Noveno, consideremos sus sanciones. No solo nos ha traído el Señor bajo infinitas obligaciones por habernos redimido de la esclavitud del pecado, no solo le ha dado a Su pueblo tal vista y sentido de Su impresionante majestad como para engendrarles una reverencia por Su soberanía, sino que Él se ha agradado en proveer incentivos adicionales para que nosotros nos rindamos a Su autoridad, gustosamente llevemos a cabo Su voluntad y nos alejemos con aversión de aquello que Él prohíbe, adjuntando promesas y amenazas, diciendo, “Porque yo soy Jehová tu Dios, fuerte, celoso, que visito la maldad de los padres sobre los hijos hasta la tercera y cuarta generación de los que me aborrecen, y hago misericordia a millares, a los que me aman y guardan mis mandamientos”. De este modo somos informados que aquellos quienes lleven a cabo Su voluntad no trabajarán en vano, tal como los rebeldes no se escaparán con impunidad.
Y décimo y finalmente, consideramos su interpretación, dijo el salmista, “amplio sobremanera es tu mandamiento” (119:96). Tan comprensiva es la Ley Moral que su autoridad se extiende a todas las acciones morales de nuestras vidas. El resto de las Escrituras no son más que un comentario de los Diez Mandamientos, sea animándonos a la obediencia con argumentos, atrayéndonos con promesas, restringiéndonos de la transgresión con amenazas o estimulándonos hacia las promesas y alejándonos de las transgresiones mediante ejemplos registrados en las porciones históricas. Correctamente entendidos, los preceptos del Nuevo Testamento no son sino explicaciones, amplificaciones y aplicaciones de los Diez Mandamientos. Se debe observar cuidadosamente que en las cosas expresamente mandadas o prohibidas siempre se implica más de lo que formalmente se declara. Pero seamos más específicos.
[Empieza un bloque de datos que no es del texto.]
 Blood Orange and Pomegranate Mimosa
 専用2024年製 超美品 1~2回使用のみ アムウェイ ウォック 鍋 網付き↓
Primero, en cada Mandamiento el principal deber o pecado se toma como un representante de todos los deberes o pecados menores, y el acto visible es tomado como representativo de todos los afectos que le están relacionados. Cualquiera que sea el nombre del pecado específico, todos los pecados del mismo tipo, con todas las causas y provocaciones del mismo, están prohibidas, ya que Cristo explicó que el sexto mandamiento condena no solamente el homicidio, sino también el impetuoso enojo del corazón. Segundo, cuando cualquier vicio se prohíbe, la virtud contraria es ensalzada, y cuando cualquier virtud es mandada, el vicio contrario es condenado. Por ejemplo, en el tercer mandamiento Dios prohíbe tomar Su nombre en vano, así que, por consecuencia necesaria, se ordena santificar Su nombre. Y como el octavo mandamiento prohíbe robar, así igualmente requiere el deber contrario: ganarse la vida y pagar por lo que recibimos (Efesios 4:28).